Post Earth, the second full-length album from Los Angeles’ melodic noise punk quartet FEELS, is a call to arms, interspersed with frustration and hope.

It’s in the title track, a riff-heavy dispatch from a near future when billionaires flee the dying Earth, only to find their own comeuppance. It’s in the tuneful, ’70s punk of opener Car and its dismissal of “one nation under fraud.” It’s in the jittery “Find A Way,” which demands “Burn all the money, all the flags, all this stupid pride.” It’s in the entreaties to resist of “Tollbooth:” “the world needs you and you and you.”

“It wasn’t intentional to write a politically charged record,” says bassist Amy Allen, who constitutes FEELS with Laena Geronimo (guitar/vocals), Shannon Lay (guitar/vocals), and Michael Perry Rudes (drums). “But the way the world is functioning right now made it impossible to write about anything else. We all need to figure it out; we’re running out of time. The golden age is over.”

Maybe FEELS did not start their second album with a conceptual agenda, but they definitely intended to speak out: “If you have any kind of platform, you should use it for good,” Lay states. Geronimo continues, “If our wildest dreams came true, the album would sound exciting to people while also inspiring awareness and action against hate, prejudice, greed, the destruction of our environment…apathy's not cool and toppling oppression could be fun if we do it together!"

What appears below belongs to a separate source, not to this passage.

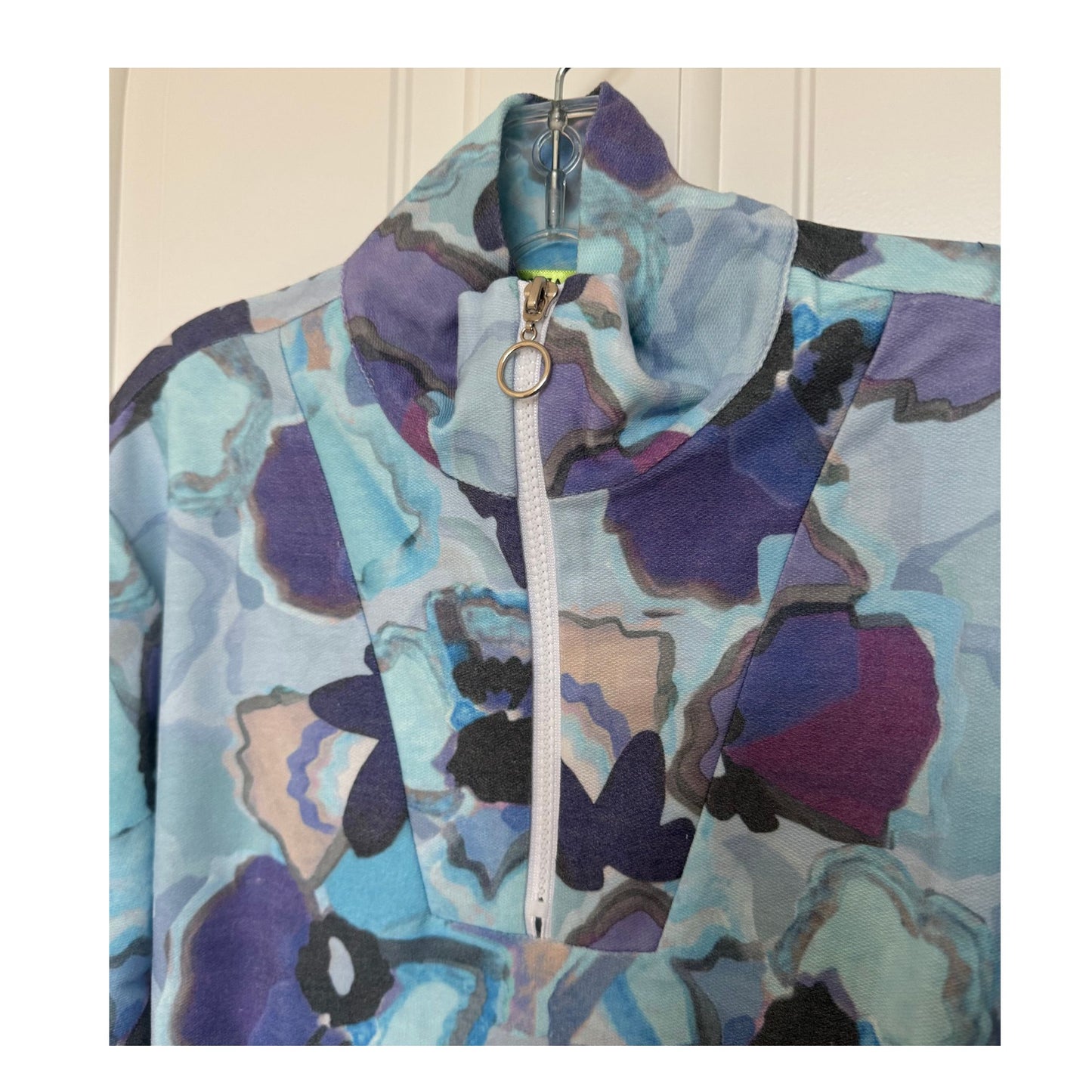 Azure Abstract French Terry 1/4 Zip Pullover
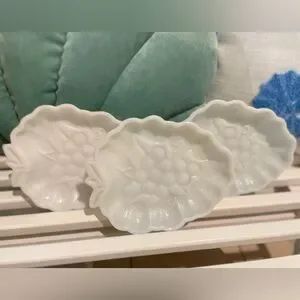 White Glass Dish Indiana Vintage Milk Glass Colony Harvest Grapes Set Of 3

With that steadfast proportion of heavy and light, Post Earth never completely wallows in despair: look for The Simpsons references—courtesy of superfan Lay—in goofy rave-up “Deconstructed.” The atmospheric jam “Sour” finds Geronimo defiantly proclaiming “This land is our land” to the people in power who exploit division. The understated melodies of “W.F.L. (Work For Love)” sing of dirt under fingernails “to remind us why we do what we do.”

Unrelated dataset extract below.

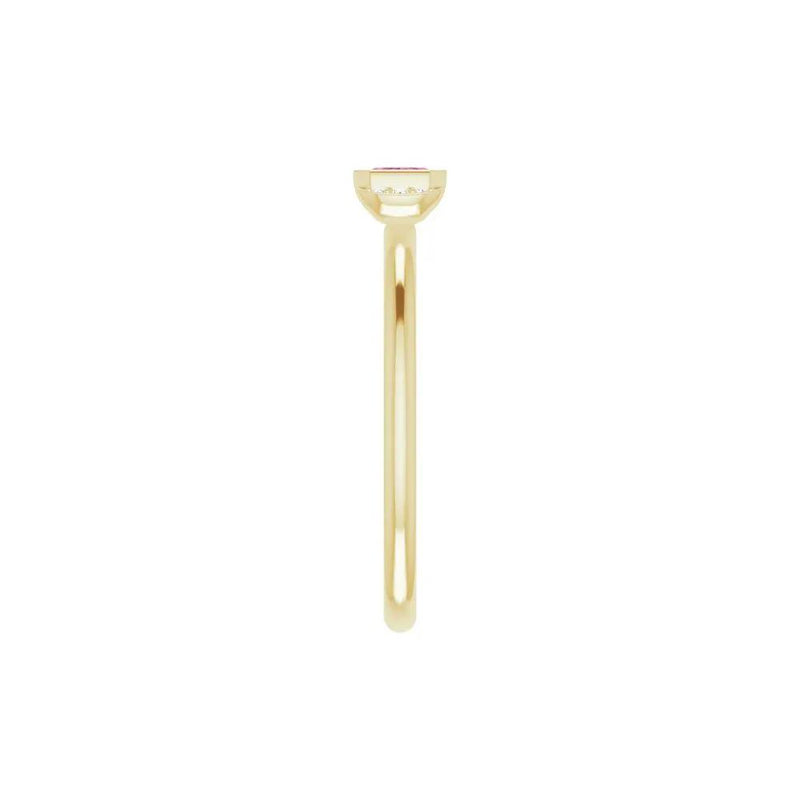 Perpignan en Fleurs, Pink Tourmaline Diamond Stackable Ring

FEELS do what they do thanks to a bond that stretches back to adolescence. Geronimo, Allen, and Rudes have known each other since high school, when the Rudes’ garage served as the hangout and nexus for their musical projects. Rudes and Lay played in Geronimo’s solo project, Raw Geronimo, for years before it morphed into FEELS with the addition of Allen. Their shared history makes for a rare chemistry among collaborators.

After recording their 2016 eponymous debut – which earned the band press attention from outlets including The FADER, SPIN and The Los Angeles Times -- with Ty Segall in one marathon daylong session, FEELS decamped to Northern California in August 2017 for a comparatively luxurious eight days with Tim Green. The former guitarist of punk iconoclasts Nation of Ulysses, Green has worked with Sleater-Kinney, Bikini Kill, Joanna Newsom and Jawbreaker among others. “His studio was an ideal experience to be able to escape day-to-day tasks, lock ourselves away, and focus,” ruminates Rudes.

“I think the first album was very much like how we were live,” Lay says. “It was just this barrage of noise and energy, and with this one we were able to give it some breath and take our time—and also just think about what we were trying to say with this record and how we didn’t necessarily want to constantly scream it at you.”

On Post Earth, FEELS strike this perfect balance with a mix of angular, interweaving guitars, lush vocal harmonies, heavy bass and pummeling drums — at times hearty and loud, and at others stunningly harmonic and calm. “We feel comfortable not having to power through everything now,” Geronimo adds. “And for the more subtle things to be heard versus glossed over with noise. Not that noise is a bad thing, but we’re doing all of these weird, interesting things—maybe we should hear them.”

For Geronimo -- the daughter of legendary Devo drummer Alan Myers who grew up playing in a wide variety of projects with (and without) him – interesting is ingrained. The interlocking components of Anyways reveal her classical training: “I wrote it to be these really specific parts that had to layer over each other exactly, which is a real sheet-music kind of bullshit thing,” she says, laughing. “Luckily everyone was down to humor me.”

But that’s the modis operandi of FEELS: “There’s no point in being like, ‘That’s not going to work,’” Geronimo says. “Just try it—who knows?”

“Who knows?” is also the central question of Post Earth. “It’s more of a questioning than a telling kind of album,” Geronimo says. “I guess that’s the bottom line. It’s a questioning: What’s gonna happen?”

There’s no easy answer to that one. But if the good old days are over, Post Earth shows FEELS’ golden age is just beginning.